昨夜、ニュース23を見ていたら、キャスターの後藤さんまでがそう明言しました。
驚きました。
本当に理にかなっていないのでしょうか。
このブログで私は小泉元首相を犯罪者扱いするほど酷評しており、顔を見ただけで寒気が襲ってくるほど嫌いです。
八方美人の私がそれほど嫌うことはそうは多くないのですが、それほど嫌いな小泉元首相の発言であっても、この発言は理にかなっているように思います。
むしろ問題は、こうしたことを理にかなっていないと思う発想に恐ろしさを感じます。
小泉元首相(「小泉さん」と書くのに大きな抵抗があるので、常にこう書きます)は、補正予算案に賛成しました。
しかし、その案が参議院で反対されたとしたら、そこで考えが変わることはおかしな話ではありません。
誰がなんといおうと意見を変えないというのであれば、議論する必要はありません。
賛成したものが、他の場で反対を受ければ、それを踏まえて再考するところに議論の意味があります。
ニュース23の後藤さんは、再議決の意味を理解していません。
さらに民主主義の要素をこめた政治とは参加者の多様性を統合する仕組みです。
ねじれ国家の意義も、そこにこそあるわけです。
概して否定的に扱われますが、ねじれ国会は議会制度の中では正常な形なのだと思います。
参議院が反対しているのであれば、もう一度自分たちも考え直してみよう。
歩み寄る、つまり合意形成に努めよう、というのがなぜ理にかなわないのか。
それをせずに、ただ機械的に三分の二条項で、原案を可決しよう。
こういう発想こそが問題ではないかと思います。
政治を「勝ち負けの単純な構図」にしてしまったのは、レーガン以来の新自由主義信奉の政治屋たちです。
そして小泉元首相は、郵政民営化という問題で、それを真似て人気者になったわけですが、それが日本の政治を壊してしまいました。

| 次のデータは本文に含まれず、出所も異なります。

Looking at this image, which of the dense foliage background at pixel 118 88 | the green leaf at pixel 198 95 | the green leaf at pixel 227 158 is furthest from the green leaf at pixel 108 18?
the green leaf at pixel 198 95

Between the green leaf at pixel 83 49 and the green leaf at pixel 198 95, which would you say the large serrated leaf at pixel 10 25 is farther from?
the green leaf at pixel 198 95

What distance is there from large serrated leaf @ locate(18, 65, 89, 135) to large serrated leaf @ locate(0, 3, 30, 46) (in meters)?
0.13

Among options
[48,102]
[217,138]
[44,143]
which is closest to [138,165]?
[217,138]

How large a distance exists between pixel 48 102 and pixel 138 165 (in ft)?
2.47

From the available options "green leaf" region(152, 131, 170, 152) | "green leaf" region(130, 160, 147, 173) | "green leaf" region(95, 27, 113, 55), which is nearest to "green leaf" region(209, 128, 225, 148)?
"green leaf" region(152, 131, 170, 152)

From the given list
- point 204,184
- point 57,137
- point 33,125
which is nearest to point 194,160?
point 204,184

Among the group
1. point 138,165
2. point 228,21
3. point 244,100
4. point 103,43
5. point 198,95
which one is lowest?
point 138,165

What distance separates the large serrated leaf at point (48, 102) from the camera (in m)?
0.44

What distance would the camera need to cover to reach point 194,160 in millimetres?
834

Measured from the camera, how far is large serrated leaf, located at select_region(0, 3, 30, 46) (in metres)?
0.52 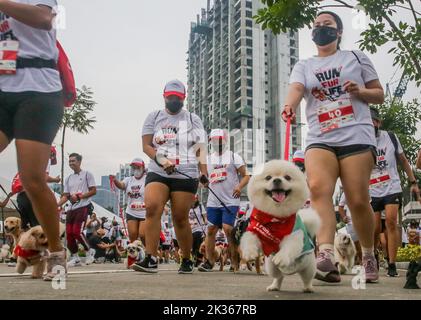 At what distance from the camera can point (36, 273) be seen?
572 cm

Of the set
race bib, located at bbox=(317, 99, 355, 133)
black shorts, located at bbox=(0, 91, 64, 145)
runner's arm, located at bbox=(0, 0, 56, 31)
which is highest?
runner's arm, located at bbox=(0, 0, 56, 31)

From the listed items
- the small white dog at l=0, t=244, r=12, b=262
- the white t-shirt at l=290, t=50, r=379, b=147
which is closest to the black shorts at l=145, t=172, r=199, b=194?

しかし、今回の欠席発言は「理にかなっている」のではないかと思います。
自民党議員が、理にかなっていないというのはいいですが、ニュースキャスターまでがそういうようでは、マスコミがいかに権力の番犬(本来のマスコミは権力に対する番犬でしたが)に成り下がってしまったかです。
私には、ニュース23は見る価値がない番組になってしまいました。
蛇足ですが、この発言からの妄想を書き加えます。
小泉元首相はレーガンのように、利用されただけでしょうから(日本の軍国化と郵政関連資金の市場放出の目的遂行のためです)、彼を操るブレーンが周辺にいたはずです。
今回ももちろんいるのでしょうが、少しだけ人間的な常識(「理」)が感じられるのは、その管理の縛りがゆるくなったのかもしれないと思います。
それが、「理にかなう発言」になったのかもしれません。
しかし、そこからまさに「消費物としての政治家」という姿が見えてきます。
さらに、「日本の国会の本質」という姿も見えてきます。
小泉元首相は、俺の人気で三分の二体制をつくったのだから、俺の意向に反して勝手に三分の二条項を使うな、という「国会私物化」を別の発言であからさまに言っています。
官僚の傀儡政権に与えられたおもちゃが、もしかしたら国会なのかもしれません。
民主党もまた、そうしたおもちゃの装置で、馬鹿げた質問を繰り返しています。
しかしまあ、そうした「理にかなわない言動」こそが、彼らにとっては「利にかなう言動」なのでしょう。
国民にとっては、理にも利にもかなわないのが、残念です。